Reproduce, from the lines below, exactly the stretch that begins at the line containing "If the IRR is" and ends at the line containing "Now for the", both included.
- - - - -
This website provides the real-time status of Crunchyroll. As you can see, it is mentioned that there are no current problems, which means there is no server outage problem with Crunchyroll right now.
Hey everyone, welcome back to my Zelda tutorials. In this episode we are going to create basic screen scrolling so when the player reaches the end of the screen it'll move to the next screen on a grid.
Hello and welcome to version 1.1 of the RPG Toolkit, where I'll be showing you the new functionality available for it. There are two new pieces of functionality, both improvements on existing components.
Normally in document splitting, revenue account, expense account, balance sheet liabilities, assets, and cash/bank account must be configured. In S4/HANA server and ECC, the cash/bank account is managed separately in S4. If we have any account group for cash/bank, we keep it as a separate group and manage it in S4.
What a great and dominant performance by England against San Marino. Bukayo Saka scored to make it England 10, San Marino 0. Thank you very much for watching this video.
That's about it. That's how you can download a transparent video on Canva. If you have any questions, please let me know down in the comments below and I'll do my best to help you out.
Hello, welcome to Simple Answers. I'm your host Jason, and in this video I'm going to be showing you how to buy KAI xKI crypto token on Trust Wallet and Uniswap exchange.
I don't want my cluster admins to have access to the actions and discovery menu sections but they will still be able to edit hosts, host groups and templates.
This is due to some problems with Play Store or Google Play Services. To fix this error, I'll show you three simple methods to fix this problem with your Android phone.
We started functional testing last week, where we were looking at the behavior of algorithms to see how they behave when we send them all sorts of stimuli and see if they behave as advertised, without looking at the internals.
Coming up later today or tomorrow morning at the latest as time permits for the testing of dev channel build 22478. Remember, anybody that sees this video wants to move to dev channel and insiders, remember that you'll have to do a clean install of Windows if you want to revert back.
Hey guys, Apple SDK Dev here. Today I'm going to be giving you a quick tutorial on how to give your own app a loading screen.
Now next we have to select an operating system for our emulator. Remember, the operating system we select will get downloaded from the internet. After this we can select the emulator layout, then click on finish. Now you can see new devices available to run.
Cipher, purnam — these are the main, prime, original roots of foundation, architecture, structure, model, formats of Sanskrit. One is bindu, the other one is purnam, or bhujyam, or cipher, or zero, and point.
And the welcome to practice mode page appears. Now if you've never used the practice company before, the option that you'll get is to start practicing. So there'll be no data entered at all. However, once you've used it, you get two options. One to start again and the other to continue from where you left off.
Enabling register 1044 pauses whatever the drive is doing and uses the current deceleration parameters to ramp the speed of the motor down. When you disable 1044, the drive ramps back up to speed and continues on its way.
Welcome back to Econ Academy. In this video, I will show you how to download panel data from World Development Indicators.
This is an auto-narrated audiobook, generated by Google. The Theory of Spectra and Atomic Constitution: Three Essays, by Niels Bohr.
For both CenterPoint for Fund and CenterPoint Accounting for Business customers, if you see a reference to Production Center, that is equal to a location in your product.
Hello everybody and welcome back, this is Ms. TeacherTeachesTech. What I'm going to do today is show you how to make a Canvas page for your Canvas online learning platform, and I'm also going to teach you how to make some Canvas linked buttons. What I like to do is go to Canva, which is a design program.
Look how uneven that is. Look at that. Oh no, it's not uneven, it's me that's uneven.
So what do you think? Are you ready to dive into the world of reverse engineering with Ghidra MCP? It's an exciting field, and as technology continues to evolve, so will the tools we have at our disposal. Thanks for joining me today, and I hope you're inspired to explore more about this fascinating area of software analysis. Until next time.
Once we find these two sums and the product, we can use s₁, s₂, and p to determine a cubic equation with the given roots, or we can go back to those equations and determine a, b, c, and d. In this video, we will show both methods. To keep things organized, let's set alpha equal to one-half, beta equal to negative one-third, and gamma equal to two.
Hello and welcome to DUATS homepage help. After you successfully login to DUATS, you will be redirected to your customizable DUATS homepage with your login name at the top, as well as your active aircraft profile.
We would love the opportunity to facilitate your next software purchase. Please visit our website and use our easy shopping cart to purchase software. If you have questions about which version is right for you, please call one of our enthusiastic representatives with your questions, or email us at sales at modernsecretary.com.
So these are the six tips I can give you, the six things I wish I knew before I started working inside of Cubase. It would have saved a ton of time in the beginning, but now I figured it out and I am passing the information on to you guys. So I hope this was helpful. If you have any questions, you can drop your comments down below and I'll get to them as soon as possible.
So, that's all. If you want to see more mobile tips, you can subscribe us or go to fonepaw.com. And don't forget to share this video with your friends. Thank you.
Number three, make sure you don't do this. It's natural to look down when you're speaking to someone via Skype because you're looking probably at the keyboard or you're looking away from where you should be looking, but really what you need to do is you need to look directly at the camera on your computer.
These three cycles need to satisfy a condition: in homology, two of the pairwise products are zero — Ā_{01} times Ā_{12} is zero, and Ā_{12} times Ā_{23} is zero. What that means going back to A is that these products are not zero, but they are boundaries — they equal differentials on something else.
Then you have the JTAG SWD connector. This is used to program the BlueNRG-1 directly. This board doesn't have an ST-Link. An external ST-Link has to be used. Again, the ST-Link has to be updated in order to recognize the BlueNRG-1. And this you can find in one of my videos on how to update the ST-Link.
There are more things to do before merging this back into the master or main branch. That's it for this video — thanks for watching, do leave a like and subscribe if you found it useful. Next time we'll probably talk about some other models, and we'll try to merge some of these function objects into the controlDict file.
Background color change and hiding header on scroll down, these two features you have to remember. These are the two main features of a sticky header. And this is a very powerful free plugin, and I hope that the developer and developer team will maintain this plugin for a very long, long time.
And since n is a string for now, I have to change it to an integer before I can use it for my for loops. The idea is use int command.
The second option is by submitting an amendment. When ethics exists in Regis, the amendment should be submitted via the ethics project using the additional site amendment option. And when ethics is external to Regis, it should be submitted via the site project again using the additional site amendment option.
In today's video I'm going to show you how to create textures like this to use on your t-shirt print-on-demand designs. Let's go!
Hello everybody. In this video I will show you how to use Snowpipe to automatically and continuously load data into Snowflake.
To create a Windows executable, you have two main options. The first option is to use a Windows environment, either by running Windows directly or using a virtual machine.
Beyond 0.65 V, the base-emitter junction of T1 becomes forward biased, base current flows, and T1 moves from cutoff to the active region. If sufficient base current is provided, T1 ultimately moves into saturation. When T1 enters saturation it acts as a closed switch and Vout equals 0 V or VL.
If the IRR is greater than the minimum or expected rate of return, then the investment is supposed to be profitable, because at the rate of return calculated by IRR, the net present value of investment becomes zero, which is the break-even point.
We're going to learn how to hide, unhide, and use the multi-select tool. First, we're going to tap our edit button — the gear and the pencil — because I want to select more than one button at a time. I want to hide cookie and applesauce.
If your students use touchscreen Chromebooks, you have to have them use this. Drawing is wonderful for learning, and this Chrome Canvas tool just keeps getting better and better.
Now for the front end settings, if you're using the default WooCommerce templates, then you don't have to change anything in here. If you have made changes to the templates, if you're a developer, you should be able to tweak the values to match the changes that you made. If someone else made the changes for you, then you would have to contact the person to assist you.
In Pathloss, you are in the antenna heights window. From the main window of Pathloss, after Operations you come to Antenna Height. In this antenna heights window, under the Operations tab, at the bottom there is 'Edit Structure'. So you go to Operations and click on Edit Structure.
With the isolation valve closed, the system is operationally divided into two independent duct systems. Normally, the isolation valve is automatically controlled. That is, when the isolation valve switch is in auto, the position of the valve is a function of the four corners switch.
- - - - -
_OUTPUT BELOW_
If the IRR is greater than the minimum or expected rate of return, then the investment is supposed to be profitable, because at the rate of return calculated by IRR, the net present value of investment becomes zero, which is the break-even point.
We're going to learn how to hide, unhide, and use the multi-select tool. First, we're going to tap our edit button — the gear and the pencil — because I want to select more than one button at a time. I want to hide cookie and applesauce.
If your students use touchscreen Chromebooks, you have to have them use this. Drawing is wonderful for learning, and this Chrome Canvas tool just keeps getting better and better.
Now for the front end settings, if you're using the default WooCommerce templates, then you don't have to change anything in here. If you have made changes to the templates, if you're a developer, you should be able to tweak the values to match the changes that you made. If someone else made the changes for you, then you would have to contact the person to assist you.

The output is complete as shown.